I recently found a paperback on my shelf, decided to read it, and — wowee kazowee was it good. And the reason I was so surprised is that I started out laughing at the campiness of it: boy meets girl; they violently canoodle … and then some; boy and girl kill girl's guy; etc. The abrupt transitions and 1930s lingo were funny!

But then something even funnier happened: I couldn't stop reading. I became part of Cain's herd.

The unattributed cover blurb on my tattered 1935 Knopf Borzoi copy says:
"If you once begin it you will finish it; and you won't forget it. It is one of the toughest, roughest, cruelest, sometimes heartbreakingest and always readablest books yet."
I can't say that it broke my heart, but it hijacked my noggin, dry boiling "spare writing" to a level of hard-boiledness I never imagined.

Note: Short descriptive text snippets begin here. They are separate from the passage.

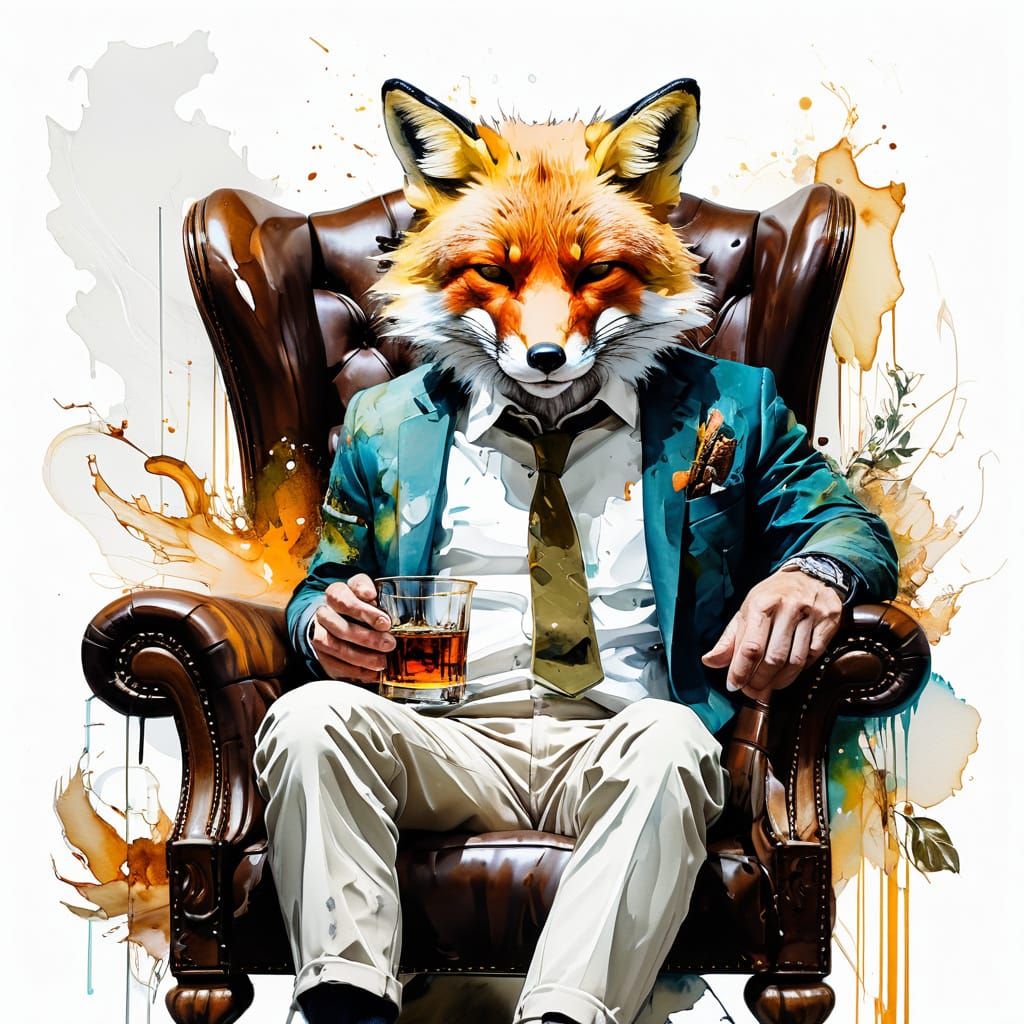 Relaxed Fox with Whiskey in Alcohol Ink Style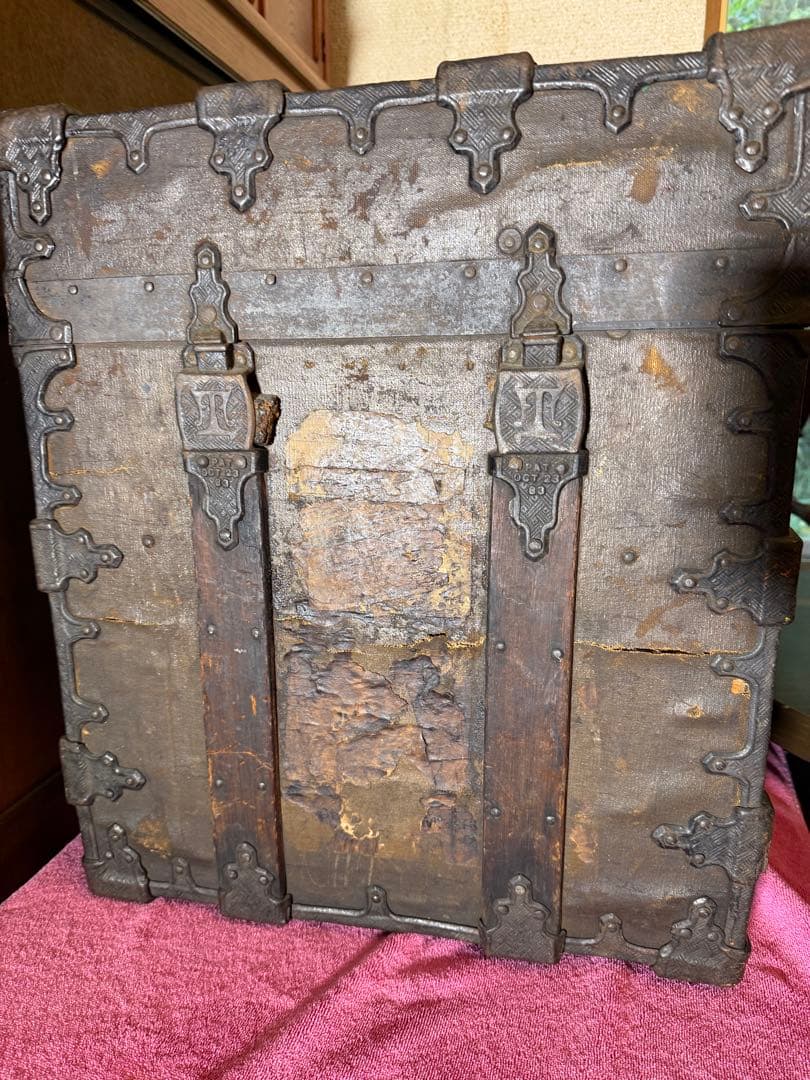 1880s EAGLE LOCK CO 米国製船旅トランク 希少140年物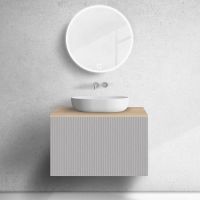 Zestaw Oltens Lun szafka podumywalkowa 80 cm z blatem kaszmir/dąb 68688900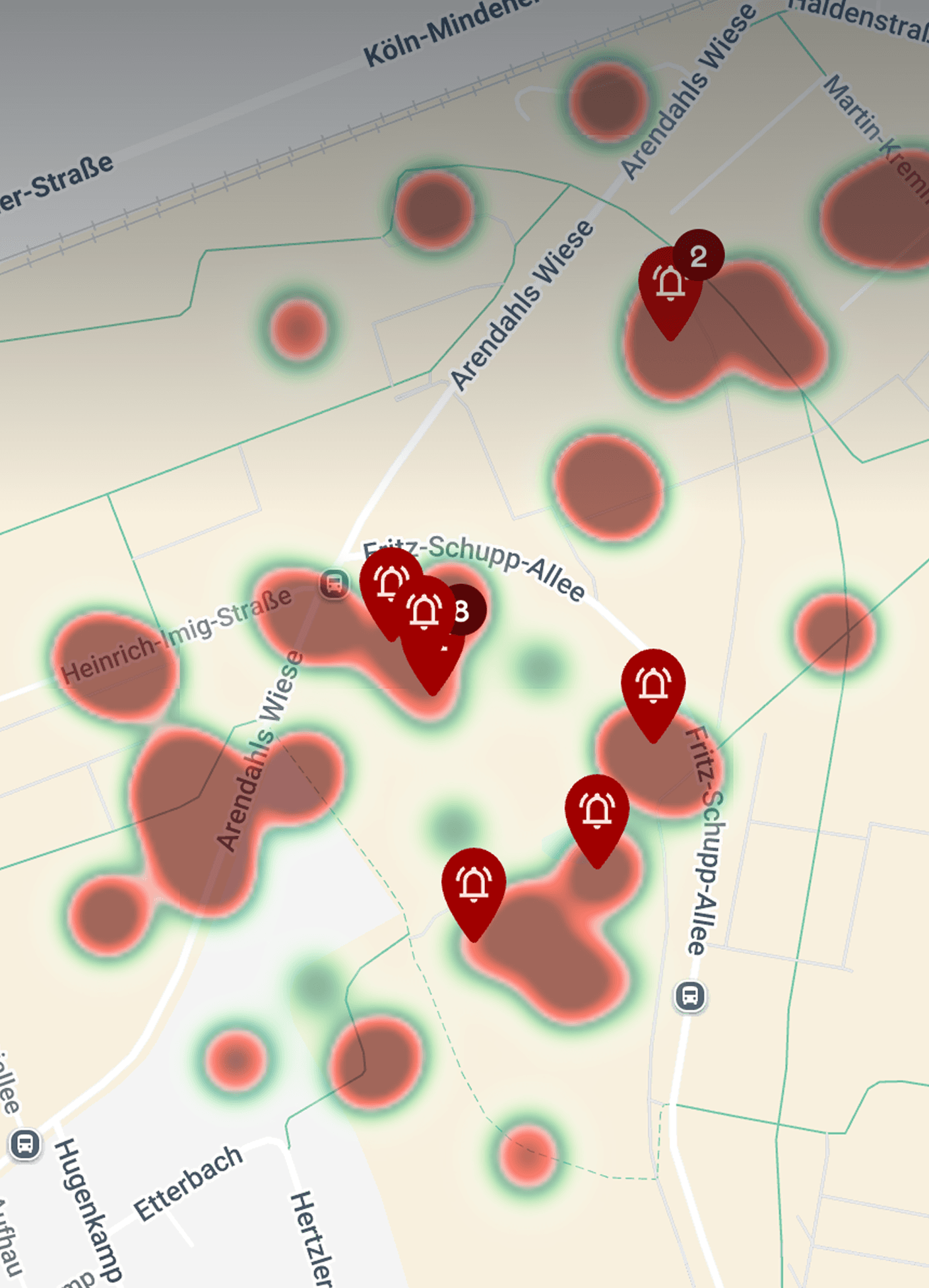 Map with red markers and heatmap, shows alarm locations around Fritz-Schupp-Allee in a residential area.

In fact, if the adjective "hard-boiled" didn't exist, I might have to invent it for this book.

"I make no conscious effort to be tough, or hard-boiled, or grim, or any of the things I am usually called," wrote author James M. Cain in the preface to his novel Double Indemnity. "I merely try to write as the character would write, and I never forget that the average man, from the fields, the streets, the bars, the offices, and even the gutters of his country, has acquired a vividness of speech that goes beyond anything I could invent, and that if I stick to this heritage, this logos of the American countryside, I shall attain a maximum of effectiveness with very little effort."

Well, by golly, he understood the herd. Despite a title that has nothing whatsoever to do with the plot, he has moved us — for 74 years we've kept running, through seven film adaptations, an opera, a radio drama, and two plays.

Which brings me back to politics.

What causes these herd movements really? I've been wondering a lot about that lately. People can have their lives threatened — no movement. Families can be torn apart — maybe some stampeding at airports, but nothing that disrupts day-to-day life. A guy makes a gross comment about bleeding because apparently he doesn't ever do that and thinks it's embarrassing; some mysterious critical mass thing happens and the media (social and otherwise) explodes. But I know my spot in the herd: I watch and tell and step quietly out of the way.